Brief Answer: Pekerja/buruh yang melakukan kesalahan terhadap pengusaha karena lalai dalam menjalankan peran atau fungsi utama pekerjannya, dikategorikan sebagai pelanggaran indisipliner semata—dimana pemutusan hubungan kerja (PHK) terhadapnya tetap memberi hak kompensasi berupa pesangon dan hak-hak normatif lainnya.
Derajat kesalahan kedua ialah “salah dengan motif kesengajaan”, semisal mencuri aset perusahaan, menggelapkan keuangan perusahaan, dan kesalahan-kesalahan didorong oleh suatu niat batin sang pekerja/buruh. Dalam kategori kesalahan derajat kedua ini, pengusaha dapat mem-PHK tanpa sepenuhnya diberikan hak-hak normatif sebagaimana pekerja yang di-PHK karena kelalaiannya.
PEMBAHASAN:
Sebagai ilustrasi, dapatlah kita merujuk pada putusan Mahkamah Agung RI sengketa hubungan industrial register Nomor 406 K/Pdt.Sus-PHI/2016 tanggal 15 Juni 2016, perkara antara:
- INDOFOOD cq. PT INDOMARCO ADI PRIMA, sebagai Pemohon Kasasi dahulu Tergugat; melawan
- RUDI SETIADI, selaku Termohon Kasasi dahulu Penggugat.
Penggugat adalah karyawan Tergugat pada PT. Indomarco Adi Prima Labuan Pandeglang, dengan jabatan sebagai Sales Supervisor, sejak 27 Agustus 1990 sampai dengan diputus hubungan kerja oleh Tergugat 1 Mei 2015, dengan masa kerja 24 tahun 9 bulan.
Selama masa kerja tersebut, Penggugat belum dan/atau tidak pernah mendapat teguran baik secara lisan maupun secara tertulis, yang merupakan suatu prestasi yang patut diakui. Namun pada tanggal 28 April 2015 tanpa dilandasi alasan yang jelas, Penggugat dimutasikan ke Cabang Tangerang.
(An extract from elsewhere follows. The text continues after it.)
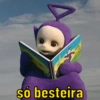 só besteira
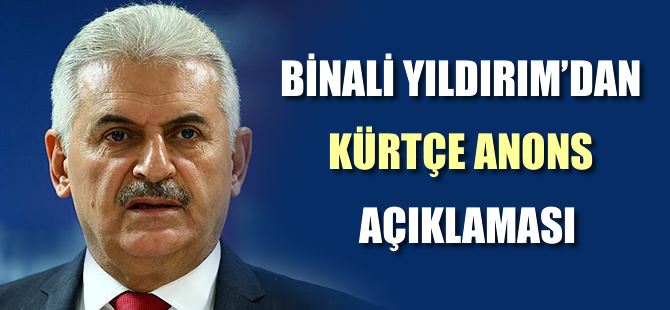 Binali Yıldırım'dan Kürtçe anons açıklaması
Secara beruntun, pada tanggal 1 Mei 2015 Penggugat diputus hubungan kerja, dengan hanya merujuk kepada Perjanjian Kerja Bersama (PKB) yang tidak dapat dibuktikan terlebih dahulu kebenarannya. Sementara bila kita mengutip ketentuan Undang-Undang Nomor 13 Tahun 2003 Pasal 124 ayat (3), disebutkan: isi Perjanjian Kerja Bersama yang bertentangan dengan peraturan perundang-undangan, maka ketentuan yang bertentangan tersebut batal demi hukum dan yang berlaku adalah ketentuan dalam peraturan perundang-undangan.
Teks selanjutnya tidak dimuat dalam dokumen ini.